The China-based company announced their “CAMS”, or “Continuous Additive Manufacturing System” a while ago, but have now completed extensive beta testing on the system with two companies in Europe: Modellbau Kurz GmbH in Gerlingen near Stuttgart and FKM Sintertechnik GmbH. Both companies were very satisfied with the results of their test.
Farsoon SLS Systems
The HT1001P CAMS system is an additive manufacturing device that uses the SLS 3D printing process, with powerful lasers sweeping across a flat bed of powder. It is used to produce strong, high-detail thermoplastic objects, typically in nylon materials.
Continuous Additive Manufacturing
The word “Continuous” means different things in the 3D printing space depending on who you’re asking. One concept is that objects of infinite dimensions can be printed. Another is that objects can be repeatedly produced continuously without the need for operator intervention as the device “clears” itself in some manner after each print completes.
But when considering a powder bed / laser SLS process, it’s a bit hard to imagine how “infinite” dimensions could be attempted. Fortunately, that’s not what Farsoon is doing with their HT1001P CAMS system. Instead it is a means of automating the post-print clearing process.
Dr. Dirk Simon, Managing Director of Farsoon Europe, explains how CAMS works:
“The HT1001P is the first of Farsoon’s systems to be developed according to the CAMS concept, which means that the HT1001P is designed for continuous series production and possesses a modular conveying system. The build cylinder is automatically brought by the loading station into the build zone and then into the cooling station.
Together with the automatic powder feed from above, this allows intensive production cycles, while the build cylinders can be changed overnight or at the weekend.
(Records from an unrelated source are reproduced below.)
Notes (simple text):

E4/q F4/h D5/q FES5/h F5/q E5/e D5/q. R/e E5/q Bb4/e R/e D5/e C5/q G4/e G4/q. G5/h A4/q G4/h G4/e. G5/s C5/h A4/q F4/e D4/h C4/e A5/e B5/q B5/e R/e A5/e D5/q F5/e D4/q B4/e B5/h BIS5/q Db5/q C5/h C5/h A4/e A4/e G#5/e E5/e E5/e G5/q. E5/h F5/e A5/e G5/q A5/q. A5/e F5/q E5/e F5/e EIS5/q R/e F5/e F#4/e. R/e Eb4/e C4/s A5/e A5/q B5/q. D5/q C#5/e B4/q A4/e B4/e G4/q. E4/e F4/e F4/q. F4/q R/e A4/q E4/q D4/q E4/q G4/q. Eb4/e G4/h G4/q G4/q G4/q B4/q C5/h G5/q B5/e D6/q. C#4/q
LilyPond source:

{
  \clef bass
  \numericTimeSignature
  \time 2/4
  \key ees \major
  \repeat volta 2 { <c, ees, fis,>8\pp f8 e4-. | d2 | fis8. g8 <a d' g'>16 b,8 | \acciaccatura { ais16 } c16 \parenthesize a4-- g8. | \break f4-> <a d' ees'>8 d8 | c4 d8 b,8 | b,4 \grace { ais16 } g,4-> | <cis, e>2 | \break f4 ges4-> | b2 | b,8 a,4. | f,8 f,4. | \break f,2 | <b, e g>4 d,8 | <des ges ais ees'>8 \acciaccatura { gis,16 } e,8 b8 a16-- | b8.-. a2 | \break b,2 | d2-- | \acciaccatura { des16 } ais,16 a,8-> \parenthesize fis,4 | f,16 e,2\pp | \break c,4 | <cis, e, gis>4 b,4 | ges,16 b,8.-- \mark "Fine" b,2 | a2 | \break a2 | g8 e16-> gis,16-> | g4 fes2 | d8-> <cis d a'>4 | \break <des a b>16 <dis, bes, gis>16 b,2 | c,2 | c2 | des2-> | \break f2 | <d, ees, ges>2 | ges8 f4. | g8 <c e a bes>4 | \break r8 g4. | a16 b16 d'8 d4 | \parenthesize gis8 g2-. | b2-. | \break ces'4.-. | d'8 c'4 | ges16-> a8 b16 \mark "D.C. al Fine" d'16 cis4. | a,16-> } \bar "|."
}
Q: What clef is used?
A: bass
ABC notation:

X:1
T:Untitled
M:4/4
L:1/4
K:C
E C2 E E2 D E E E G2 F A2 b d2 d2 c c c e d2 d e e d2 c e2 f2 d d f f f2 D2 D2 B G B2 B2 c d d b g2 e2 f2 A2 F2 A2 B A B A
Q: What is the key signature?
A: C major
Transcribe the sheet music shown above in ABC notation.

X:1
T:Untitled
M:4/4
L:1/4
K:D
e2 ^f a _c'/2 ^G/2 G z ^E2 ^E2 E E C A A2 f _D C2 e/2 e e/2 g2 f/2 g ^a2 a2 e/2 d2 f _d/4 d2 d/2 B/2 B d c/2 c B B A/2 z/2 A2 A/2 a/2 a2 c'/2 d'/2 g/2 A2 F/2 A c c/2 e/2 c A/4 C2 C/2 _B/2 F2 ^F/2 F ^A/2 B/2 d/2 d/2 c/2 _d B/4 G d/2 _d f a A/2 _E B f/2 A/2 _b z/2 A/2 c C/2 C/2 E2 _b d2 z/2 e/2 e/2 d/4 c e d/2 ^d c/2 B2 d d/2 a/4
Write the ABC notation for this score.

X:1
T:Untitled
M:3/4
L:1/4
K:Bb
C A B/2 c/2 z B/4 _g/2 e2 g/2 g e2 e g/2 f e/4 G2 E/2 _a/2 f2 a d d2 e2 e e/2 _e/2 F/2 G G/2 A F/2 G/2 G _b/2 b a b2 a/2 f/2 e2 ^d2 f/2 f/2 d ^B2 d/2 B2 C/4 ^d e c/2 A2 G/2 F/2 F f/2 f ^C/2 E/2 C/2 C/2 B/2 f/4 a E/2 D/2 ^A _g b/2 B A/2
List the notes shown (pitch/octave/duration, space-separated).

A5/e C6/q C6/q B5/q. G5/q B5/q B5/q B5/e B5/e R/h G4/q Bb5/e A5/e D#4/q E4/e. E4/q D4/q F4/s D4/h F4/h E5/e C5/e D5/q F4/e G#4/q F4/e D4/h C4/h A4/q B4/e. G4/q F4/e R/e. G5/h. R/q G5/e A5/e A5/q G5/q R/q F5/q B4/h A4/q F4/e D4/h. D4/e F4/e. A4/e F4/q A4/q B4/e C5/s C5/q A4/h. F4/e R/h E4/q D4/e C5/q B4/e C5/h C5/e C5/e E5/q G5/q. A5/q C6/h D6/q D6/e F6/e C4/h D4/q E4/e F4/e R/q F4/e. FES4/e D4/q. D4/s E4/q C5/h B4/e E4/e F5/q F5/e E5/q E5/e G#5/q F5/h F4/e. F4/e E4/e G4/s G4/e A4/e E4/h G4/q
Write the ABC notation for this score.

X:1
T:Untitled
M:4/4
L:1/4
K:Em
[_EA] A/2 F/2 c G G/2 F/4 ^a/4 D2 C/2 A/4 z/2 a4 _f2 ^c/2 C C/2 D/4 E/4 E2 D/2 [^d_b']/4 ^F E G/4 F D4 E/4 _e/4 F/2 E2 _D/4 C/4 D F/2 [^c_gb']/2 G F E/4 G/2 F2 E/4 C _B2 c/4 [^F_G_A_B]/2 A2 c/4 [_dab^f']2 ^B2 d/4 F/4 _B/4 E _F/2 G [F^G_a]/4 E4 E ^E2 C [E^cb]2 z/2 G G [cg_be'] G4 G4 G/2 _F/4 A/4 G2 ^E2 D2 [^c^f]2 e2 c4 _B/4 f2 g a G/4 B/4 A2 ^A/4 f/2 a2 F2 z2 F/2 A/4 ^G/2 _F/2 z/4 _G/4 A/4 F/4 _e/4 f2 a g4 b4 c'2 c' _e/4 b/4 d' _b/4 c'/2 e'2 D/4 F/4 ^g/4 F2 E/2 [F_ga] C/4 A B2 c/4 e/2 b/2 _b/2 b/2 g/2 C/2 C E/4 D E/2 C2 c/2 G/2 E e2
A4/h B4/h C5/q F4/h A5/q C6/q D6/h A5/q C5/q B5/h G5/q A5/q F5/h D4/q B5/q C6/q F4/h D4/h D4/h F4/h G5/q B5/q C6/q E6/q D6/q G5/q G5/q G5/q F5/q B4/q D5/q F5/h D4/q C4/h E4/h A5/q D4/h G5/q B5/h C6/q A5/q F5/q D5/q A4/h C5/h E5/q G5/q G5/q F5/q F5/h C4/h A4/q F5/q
With such a large build volume, one meter wide, 50 cm deep and 45 cm high, I consider heat management is a big challenge. The larger the build volume, the longer the powder cake remains at a high temperature. The cooling time increases disproportionately as a result. Therefore, two lasers are used to scan very rapidly, and then cooling is carried out actively in the cooling station.”
SLS Cooling Challenges
This is the challenge of large-volume powder systems: heat management. HP has a similar challenge with their MJF process, and indeed offers a similar solution to Farsoon: separate the building and cooling processes to create a kind of overlapping pipeline of activities.
Even if the cooling time for a chamber takes longer than the build time of the next print, this approach still works because you can simply add another build chamber to the process. You can have multiple cooling chambers while another is being built in the 3D printer.
The result is a high throughput of objects produced, which is simply the total elapsed time for the process divided by the number of units produced. This process is not one for those requiring quick individual 3D prints; it is for those requiring production volumes.
Production SLS Additive Manufacturing
That means the HT1001P CAMS system is designed to be running flat out, as close to 24/7 as possible. This is good news for the CFO’s of purchasing organizations, as the device would be in theory able to generate revenue all the time.
It also means the HT1001P CAMS is truly a production system as per our definition of a “Production 3D Printer”.
As an automated production machine, the most visible activity aside from collecting completed prints will continually reloading the machine with input thermoplastic powder. In fact, both of the beta testers independently called the HT1001P CAMS a “Powder Eater”.
With the end of the beta testing, it is likely that Farsoon will begin marketing the HT1001P CAMS system to the public in short order.